Exercise instructions — Exact retyping of the data: please keep every word and drop each picture.

Dataset extract —
------------------------

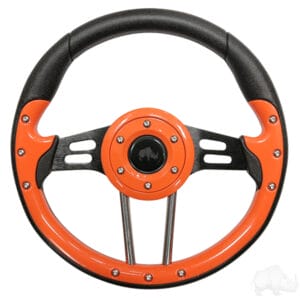 RHOX Aviator 4 Orange Grip Golf Cart Steering Wheel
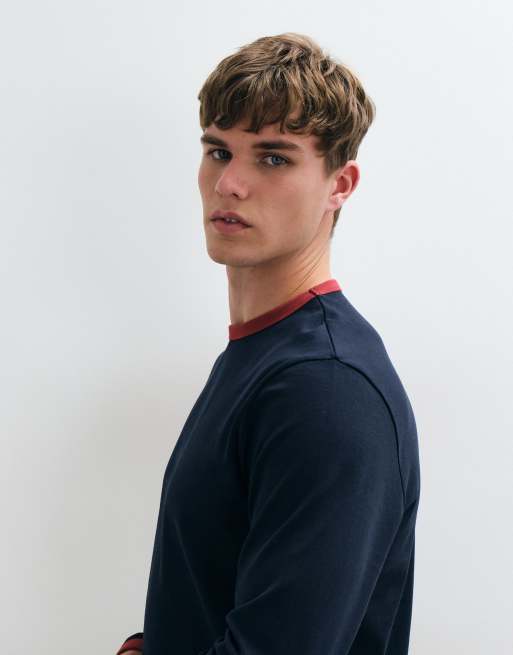 ASOS DESIGN - Top a maniche lunghe blu navy con bordi a contrasto, 4 di 5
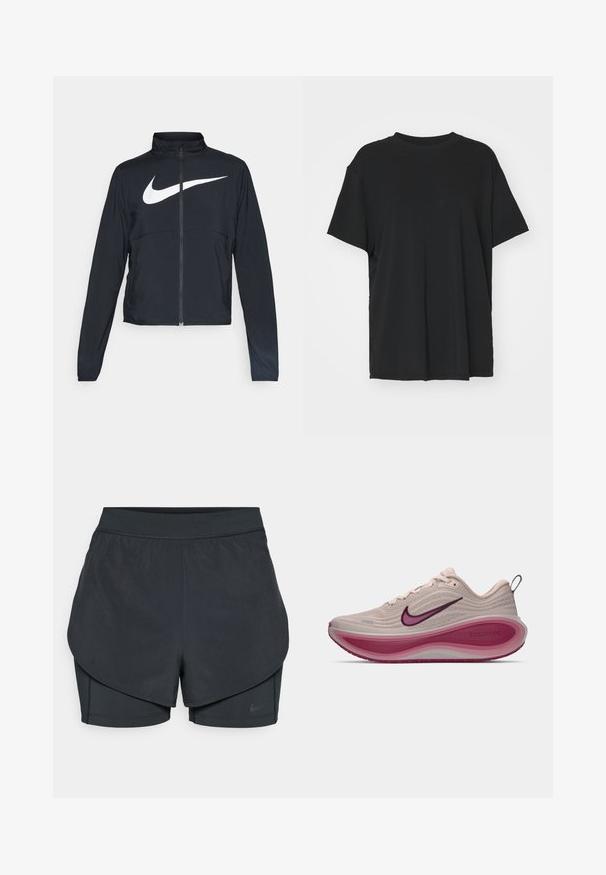 Must musta täispikk vary hoodie kõrge krae, pikad varrukad ja suur valge Nike swooshi logo rinnal.; Must have lühikeste varrukatega must t-särk, mis on valmistatud siledast kangast, ümmarguse kaelusega ja laia lõikega. Omab külgslitsid, mis pakuvad lisamugavust ja hingavust.; Mustad musta sportlikud lühikesed püksid kihilise disainiga, millel on sile välimine kiht ja istuvad sisepüksid. Valmistatud kergest, venivast kangast.; Nike ZoomX jooksutossud helesinine beežiga, tekstuurse pealmise osaga, kõverdatud roosa vaheosa ja lillad aktsendid logol ja taldades.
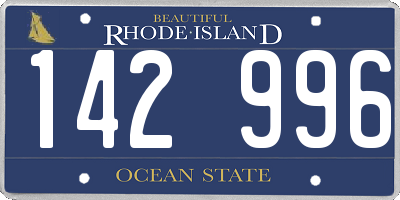 RI license plate 142996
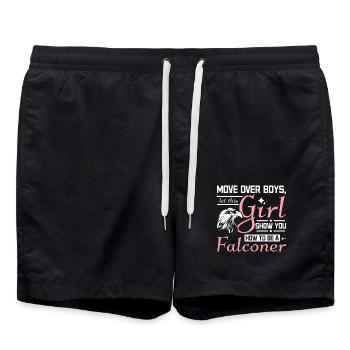 Laissez cette fille vous montrer comment être un fauconnier - Short de bain - noir - Devant - AI Model Male 185 light (185cm)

------------------------

Written reply —
 RHOX Aviator 4 Orange Grip Golf Cart Steering Wheel
 ASOS DESIGN - Top a maniche lunghe blu navy con bordi a contrasto, 4 di 5
 Must musta täispikk vary hoodie kõrge krae, pikad varrukad ja suur valge Nike swooshi logo rinnal.; Must have lühikeste varrukatega must t-särk, mis on valmistatud siledast kangast, ümmarguse kaelusega ja laia lõikega. Omab külgslitsid, mis pakuvad lisamugavust ja hingavust.; Mustad musta sportlikud lühikesed püksid kihilise disainiga, millel on sile välimine kiht ja istuvad sisepüksid. Valmistatud kergest, venivast kangast.; Nike ZoomX jooksutossud helesinine beežiga, tekstuurse pealmise osaga, kõverdatud roosa vaheosa ja lillad aktsendid logol ja taldades.
 RI license plate 142996
 Laissez cette fille vous montrer comment être un fauconnier - Short de bain - noir - Devant - AI Model Male 185 light (185cm)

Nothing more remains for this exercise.